Digo tudo isso porque o que vou dizer a seguir é duro, e peço desculpas mais uma vez porque sei que vou me alongar, mas acho que não há modo curto de dizer o que vou dizer. Assisti comovido como todos o vídeo em que você conversa com o Flávio. Você diz coisas lindas e terríveis. Relembra o Arena, onde você, Flávio, Paulo José e outros, sob a batuta do Boal, trataram de levar aos palcos o homem brasileiro, e você exulta: “Nós conseguimos!” E conseguiram mesmo, e os frutos do que conseguiram reverberaram por décadas. Só o homem do povo do Flávio em Terra em Transe, desconsertando as crenças utópicas do jornalista vivido pelo Jardel, só este já valia tudo. Mas da sua parte, tivemos Zeca Diabo, Salviano Lisboa, Sinhozinho Malta, Sassá Mutema, tantos, tantos homens brasileiros por excelência, retratos das nossas mazelas e nossas virtudes, contraditórios, terríveis, humanos. É verdade, vocês conseguiram.

Você voltou muito no tempo das lembranças, foi até antes de 1964. Mas eu quis voltar um pouco menos, e lembrei do vídeo que você gravou no dia da eleição de 2018, bem em frente ao Arena. Lá, logo depois de votar, você pergunta a seus antigos companheiros, que pensaram a arte e a cultura brasileiras — Boal, Antônio Cândido, tantos outros — onde foi que vocês erraram para que, o país elegesse um Jair Bolsonaro.

E posso voltar um pouco mais, alguns anos, quando você chamava Lula de imbecil e idiota em entrevistas, e disse que o odiava, porque, segundo você, ele glamourizava a ignorância. Logo ele, que abriu tantas universidades e escolas! Logo ele, que chamou ninguém menos que Gilberto Gil para fazer do-in na cultura do país — Gil e sua sabedoria búdica, que um dia você atribuiu a seu pai numa entrevista que me emocionou às lágrimas. Você contou quando seu pai o expulsou de casa por considerar que você estava pronto para a vida, e você pegou carona num caminhão de mangas e foi para a cidade grande. E tantos anos depois, você dizia que seu pai estava certo e dizia exatamente isto, que ele tinha uma sabedoria búdica.

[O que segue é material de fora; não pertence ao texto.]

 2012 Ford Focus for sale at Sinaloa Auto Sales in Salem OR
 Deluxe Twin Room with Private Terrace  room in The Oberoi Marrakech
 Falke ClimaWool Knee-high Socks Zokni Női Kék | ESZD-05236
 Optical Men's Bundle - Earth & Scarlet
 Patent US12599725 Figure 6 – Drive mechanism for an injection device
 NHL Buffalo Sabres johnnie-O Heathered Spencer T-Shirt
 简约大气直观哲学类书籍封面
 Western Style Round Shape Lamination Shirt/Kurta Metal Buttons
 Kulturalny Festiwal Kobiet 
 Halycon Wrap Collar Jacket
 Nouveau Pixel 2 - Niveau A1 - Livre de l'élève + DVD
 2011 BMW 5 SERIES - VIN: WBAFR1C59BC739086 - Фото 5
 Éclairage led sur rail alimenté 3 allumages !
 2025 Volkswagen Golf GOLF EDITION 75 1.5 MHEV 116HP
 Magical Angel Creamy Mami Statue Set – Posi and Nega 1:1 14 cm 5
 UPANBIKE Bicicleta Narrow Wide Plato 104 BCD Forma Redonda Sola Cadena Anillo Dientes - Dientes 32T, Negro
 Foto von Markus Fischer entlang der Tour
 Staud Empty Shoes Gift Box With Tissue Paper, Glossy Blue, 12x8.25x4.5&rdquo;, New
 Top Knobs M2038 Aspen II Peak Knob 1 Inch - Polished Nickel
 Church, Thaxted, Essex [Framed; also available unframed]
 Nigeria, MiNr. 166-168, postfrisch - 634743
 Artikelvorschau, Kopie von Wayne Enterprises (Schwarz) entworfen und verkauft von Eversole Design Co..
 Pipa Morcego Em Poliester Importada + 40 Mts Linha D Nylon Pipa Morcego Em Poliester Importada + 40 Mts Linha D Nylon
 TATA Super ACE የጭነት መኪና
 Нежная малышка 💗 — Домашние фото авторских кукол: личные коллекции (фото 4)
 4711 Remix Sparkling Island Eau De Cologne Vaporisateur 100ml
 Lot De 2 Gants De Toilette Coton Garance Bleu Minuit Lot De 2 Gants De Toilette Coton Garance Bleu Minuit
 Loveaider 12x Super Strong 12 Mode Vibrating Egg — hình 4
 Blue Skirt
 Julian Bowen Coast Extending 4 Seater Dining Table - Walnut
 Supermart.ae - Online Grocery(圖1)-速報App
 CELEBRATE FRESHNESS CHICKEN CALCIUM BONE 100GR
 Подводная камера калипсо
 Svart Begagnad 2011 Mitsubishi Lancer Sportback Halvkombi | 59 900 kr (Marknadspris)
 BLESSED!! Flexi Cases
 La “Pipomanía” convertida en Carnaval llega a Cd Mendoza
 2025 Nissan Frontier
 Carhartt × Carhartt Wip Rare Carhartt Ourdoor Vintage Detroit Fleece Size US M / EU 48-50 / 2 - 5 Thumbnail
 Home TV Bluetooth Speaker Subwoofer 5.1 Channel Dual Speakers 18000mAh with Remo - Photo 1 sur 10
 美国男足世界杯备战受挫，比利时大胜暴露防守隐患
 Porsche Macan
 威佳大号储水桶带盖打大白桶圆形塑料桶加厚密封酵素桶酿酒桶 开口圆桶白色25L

E lembro também de você dizendo em entrevistas que Dilma devia pedir o boné e ir embora da presidência — uma presidente eleita, sendo derrubada por uma trama de bastidores com um pretexto espúrio. E você recriminando-a, não divergindo, não apontando erros, mas recriminando apenas. E quando Regina Duarte veio a público dizer que tinha medo do PT, e sua neta Paloma rebateu a fala dela, você deu razão a Regina e não a Paloma. A Regina que hoje você reconhece estar perdida em seu puxa-saquismo ao Bolsonaro em quem você não votou.

Eu avisei que seria duro, e volto a pedir desculpas, porque tudo o que eu não quero é devolver recriminações, decididamente não é hora disto. Mas é preciso lembrar para entender. Se eu pergunto onde foi que erramos, a única maneira de ter uma resposta é olhando para trás detalhadamente. E olhando para trás, o que eu vejo e entendo é que tivemos na presidência um típico homem brasileiro, e hoje temos outro. O primeiro, que como você veio da roça, com todas as suas idiossincrasias, mas que você julgou pela capa, sem perceber o que havia nele de mais profundo. Claro que Lula não era o Sassá, ninguém era o Sassá, só mesmo você, e mesmo assim só parcialmente. Mas havia ali um pedaço daquilo que você, Flávio, Boal e os outros haviam construído. Havia um homem brasileiro por excelência no poder. Alguns perceberam. Você, e me dói dizer isso pela admiração que lhe tenho, você não.

E hoje, de certa maneira, temos outro homem brasileiro, mas o seu avesso. Se Lula certamente tinha e tem defeitos, Bolsonaro é a personificação dramática de todas as características negativas do homem brasileiro, sem o seu charme — Zeca Diabo e Sinhozinho Malta multiplicados um pelo outro, digamos. Ele não nos é estranho, você sabe. E se é tão frustrante, depois de mais de 50 anos, ver o país retroceder e o corte terrível que você e seus valorosos amigos sofreram acontecer novamente, sua pergunta se torna ainda mais valiosa: Onde nós erramos? Não você, não Flávio, nós. Como foi que tivemos no cargo mais alto um representante falível e digno do homem que você retratou com tanta maestria, e o trocamos em poucos anos por outro, que guarda apenas suas piores características?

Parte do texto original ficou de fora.